Caching & Messaging Infrastructure

Project: A Messaging Platform Runbook

18 min Lesson 10 of 30

Project: A Messaging Platform Runbook

A runbook is not documentation for its own sake — it is the executable knowledge that lets any on-call engineer, at 3 a.m., restore a platform to health without escalating. This lesson synthesizes everything covered in this tutorial into a single, production-grade runbook for a platform where Redis Cluster serves the session and rate-limit tier and Apache Kafka serves the event streaming tier. The patterns apply whether you are running on bare metal, on AWS MSK + ElastiCache, or on self-managed Kubernetes operators.
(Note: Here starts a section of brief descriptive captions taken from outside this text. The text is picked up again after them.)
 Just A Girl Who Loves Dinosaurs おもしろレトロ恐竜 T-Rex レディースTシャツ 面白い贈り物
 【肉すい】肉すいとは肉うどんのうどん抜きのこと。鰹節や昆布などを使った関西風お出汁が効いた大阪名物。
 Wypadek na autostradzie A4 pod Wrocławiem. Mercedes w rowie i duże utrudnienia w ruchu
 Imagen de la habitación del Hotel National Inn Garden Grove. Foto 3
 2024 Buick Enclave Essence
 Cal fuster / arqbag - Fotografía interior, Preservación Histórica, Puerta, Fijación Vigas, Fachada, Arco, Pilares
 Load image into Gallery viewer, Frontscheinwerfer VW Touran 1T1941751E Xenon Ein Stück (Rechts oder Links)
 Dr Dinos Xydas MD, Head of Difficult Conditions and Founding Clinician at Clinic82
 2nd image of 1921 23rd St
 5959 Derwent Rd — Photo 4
Platform Architecture Snapshot

Before you can operate a platform, every team member must share a mental model of its topology. The runbook begins with an authoritative architecture diagram, pinned in your internal wiki and reviewed on every significant change.

Three-AZ topology: Redis primary-replica per shard with Sentinel quorum, Kafka brokers spreading partition leaders, KRaft controllers in an independent Raft group.

Section 1: High-Availability Design Decisions

Redis HA contract: Run a minimum of 3 Sentinel nodes (never 2 — a split-brain between two sentinels cannot resolve quorum). For Redis Cluster, use 3 shards with 1 replica each, spread across 3 AZs, with min-replicas-to-write 1 and min-replicas-max-lag 10 on every primary. Set cluster-require-full-coverage no so a lost shard degrades the cluster rather than bringing the whole thing down. Failover time under Sentinel is 30-60 s by default; tune down-after-milliseconds 5000 and failover-timeout 10000 for sub-30-second recovery in latency-sensitive environments, but accept that aggressive values increase false-positive failovers under network blips.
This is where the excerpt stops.